# Hi everybody



## 4Jawbilly (Oct 16, 2017)

Just stumbled onto this site and since I really enjoy working with all kinds of metal I thougt joining up cant hurt but shurly I am going to learn something.

I was born and raised in the Bavarian Alps during the outgoing Horse & Buggy days when if you needet something done or fixed you had to do it yourself sometimes inventing new tools to do it and of course it had to be allmost free, nothing was ever thrown away. This knowledge and ability has helped me tremendously later in my business life and Hobbies.   While well past the Retirement post I still have much fun running my seasonal business, also continue to be involved in the Oilpatch in the Winter, and try to get some Bluewater Sailing in during Summer on my own Boat.  I have a tiny hobby work shop at home in Victoria which bosts a small Lathe/ Milling Machine combo I been using and learned on since 2003.   

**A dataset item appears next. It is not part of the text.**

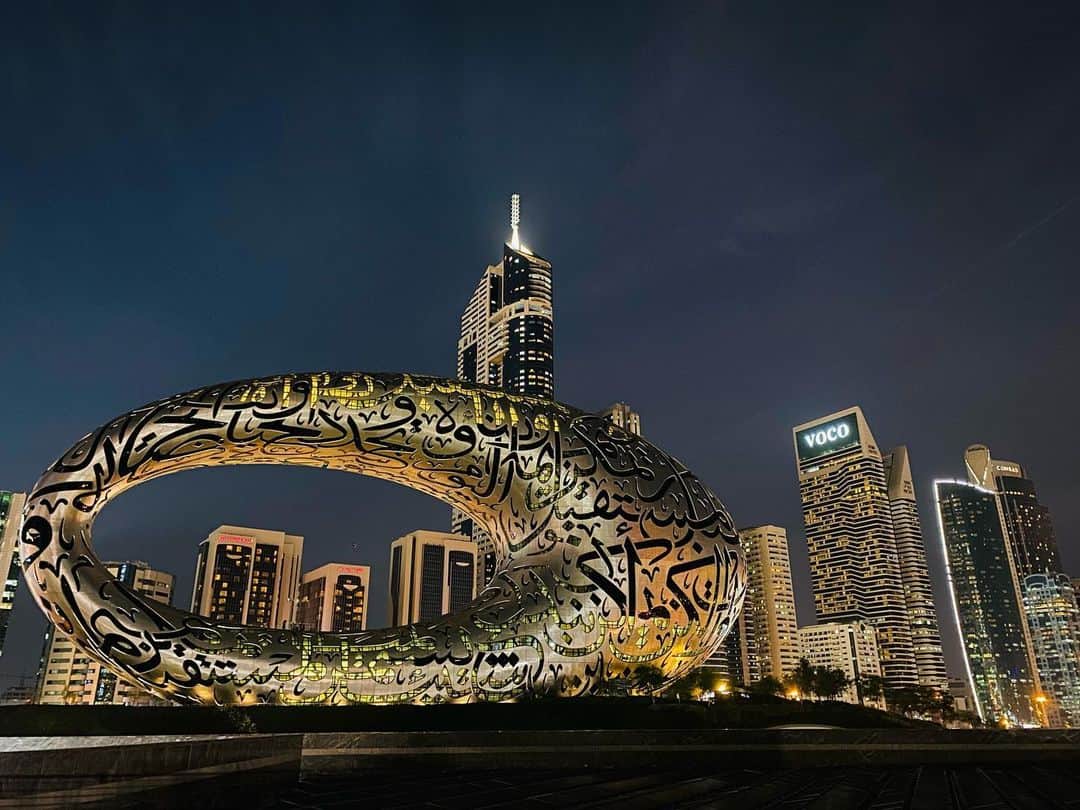 ユナ・デュフネのインスタグラム：「Dubaï capture 📸 . . . #Dubai #Events #DXB #Tower #Museumoffuture #Experience #Jumeirah #Emirats #Nights #luxury #burjalarab」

So all the best to you, keep your chuck key out of the Chuck unless to tightening somthing and keep on making chips.

Cheers - 4Jawbilly


----------



## Jwest7788 (Oct 16, 2017)

Welcome @4Jawbilly 

Glad to have you on board!

Where are you located?

JW


----------



## 4Jawbilly (Oct 16, 2017)

Jwest7788 said:


> Welcome @4Jawbilly
> 
> Glad to have you on board!
> 
> ...




Home is in Victoria BC, but right now still finnishing up tail end of my seasonal Business and then in January to March back in the Oilpatch likely again based out of Grande Prairie AB.


----------



## Alexander (Oct 16, 2017)

How did you find the form?


----------



## 4Jawbilly (Oct 16, 2017)

Alexander said:


> How did you find the form?


Not sure but I think somebody mentioned it on "Gunnutz"


----------



## CalgaryPT (Oct 17, 2017)

Welcome aboard.


----------